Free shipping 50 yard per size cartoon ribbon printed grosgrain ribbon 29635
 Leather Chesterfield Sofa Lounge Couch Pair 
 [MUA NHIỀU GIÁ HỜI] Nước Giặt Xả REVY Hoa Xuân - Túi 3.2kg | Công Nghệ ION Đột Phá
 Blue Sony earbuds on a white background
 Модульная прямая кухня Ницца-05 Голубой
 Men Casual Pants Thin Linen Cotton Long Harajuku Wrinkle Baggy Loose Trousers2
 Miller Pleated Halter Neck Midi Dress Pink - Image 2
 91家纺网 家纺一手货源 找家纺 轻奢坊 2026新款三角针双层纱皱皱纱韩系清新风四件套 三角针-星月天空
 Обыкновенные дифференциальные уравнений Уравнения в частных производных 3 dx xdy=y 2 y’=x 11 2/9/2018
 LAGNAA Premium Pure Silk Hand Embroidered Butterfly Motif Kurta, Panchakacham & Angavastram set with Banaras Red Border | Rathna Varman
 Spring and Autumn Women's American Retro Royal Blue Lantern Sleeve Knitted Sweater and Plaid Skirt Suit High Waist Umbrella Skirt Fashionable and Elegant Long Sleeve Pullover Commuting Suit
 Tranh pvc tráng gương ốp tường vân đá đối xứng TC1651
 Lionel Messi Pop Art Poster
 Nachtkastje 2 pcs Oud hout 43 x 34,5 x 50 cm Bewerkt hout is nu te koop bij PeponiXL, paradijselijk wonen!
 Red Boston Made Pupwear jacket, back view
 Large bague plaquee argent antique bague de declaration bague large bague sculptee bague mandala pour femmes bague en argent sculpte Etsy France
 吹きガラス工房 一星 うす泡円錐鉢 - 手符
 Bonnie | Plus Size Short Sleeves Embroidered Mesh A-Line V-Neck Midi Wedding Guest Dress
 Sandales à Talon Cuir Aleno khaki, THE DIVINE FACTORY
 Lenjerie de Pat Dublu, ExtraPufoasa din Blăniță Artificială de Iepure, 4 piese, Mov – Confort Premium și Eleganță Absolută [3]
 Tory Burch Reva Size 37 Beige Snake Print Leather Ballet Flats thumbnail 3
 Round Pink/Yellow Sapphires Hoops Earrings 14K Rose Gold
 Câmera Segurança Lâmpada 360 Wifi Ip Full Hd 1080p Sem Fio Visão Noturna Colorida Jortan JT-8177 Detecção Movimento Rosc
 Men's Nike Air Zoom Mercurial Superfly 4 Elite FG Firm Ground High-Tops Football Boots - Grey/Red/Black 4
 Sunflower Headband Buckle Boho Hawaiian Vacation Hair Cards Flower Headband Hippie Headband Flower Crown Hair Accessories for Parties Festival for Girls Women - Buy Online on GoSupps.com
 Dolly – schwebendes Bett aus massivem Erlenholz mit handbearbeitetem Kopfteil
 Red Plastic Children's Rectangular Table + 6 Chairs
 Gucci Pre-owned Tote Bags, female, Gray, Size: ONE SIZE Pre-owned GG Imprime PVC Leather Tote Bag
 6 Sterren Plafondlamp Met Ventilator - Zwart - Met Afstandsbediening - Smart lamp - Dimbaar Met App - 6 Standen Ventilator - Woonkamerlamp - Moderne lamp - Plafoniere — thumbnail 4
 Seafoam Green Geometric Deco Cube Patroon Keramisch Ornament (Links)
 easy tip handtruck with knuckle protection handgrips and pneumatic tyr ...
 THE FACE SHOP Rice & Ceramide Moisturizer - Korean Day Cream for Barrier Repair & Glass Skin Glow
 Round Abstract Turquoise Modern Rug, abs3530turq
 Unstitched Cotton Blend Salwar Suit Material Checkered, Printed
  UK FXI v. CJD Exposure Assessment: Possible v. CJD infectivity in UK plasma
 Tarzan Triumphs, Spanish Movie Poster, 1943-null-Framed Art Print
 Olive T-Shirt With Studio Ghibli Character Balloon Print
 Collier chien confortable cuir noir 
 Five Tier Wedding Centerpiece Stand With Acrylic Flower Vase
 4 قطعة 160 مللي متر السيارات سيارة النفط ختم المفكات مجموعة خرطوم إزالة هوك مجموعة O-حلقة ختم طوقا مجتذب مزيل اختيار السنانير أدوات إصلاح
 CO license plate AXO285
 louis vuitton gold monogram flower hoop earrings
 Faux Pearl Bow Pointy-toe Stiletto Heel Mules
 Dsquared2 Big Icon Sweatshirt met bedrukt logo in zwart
______
**Task item:** Nothing but the lines from the one holding "Seafoam Green Geometric" to the end of the entries should be returned, each exactly as it stands.

**Solution:**
 Seafoam Green Geometric Deco Cube Patroon Keramisch Ornament (Links)
 easy tip handtruck with knuckle protection handgrips and pneumatic tyr ...
 THE FACE SHOP Rice & Ceramide Moisturizer - Korean Day Cream for Barrier Repair & Glass Skin Glow
 Round Abstract Turquoise Modern Rug, abs3530turq
 Unstitched Cotton Blend Salwar Suit Material Checkered, Printed
  UK FXI v. CJD Exposure Assessment: Possible v. CJD infectivity in UK plasma
 Tarzan Triumphs, Spanish Movie Poster, 1943-null-Framed Art Print
 Olive T-Shirt With Studio Ghibli Character Balloon Print
 Collier chien confortable cuir noir 
 Five Tier Wedding Centerpiece Stand With Acrylic Flower Vase
 4 قطعة 160 مللي متر السيارات سيارة النفط ختم المفكات مجموعة خرطوم إزالة هوك مجموعة O-حلقة ختم طوقا مجتذب مزيل اختيار السنانير أدوات إصلاح
 CO license plate AXO285
 louis vuitton gold monogram flower hoop earrings
 Faux Pearl Bow Pointy-toe Stiletto Heel Mules
 Dsquared2 Big Icon Sweatshirt met bedrukt logo in zwart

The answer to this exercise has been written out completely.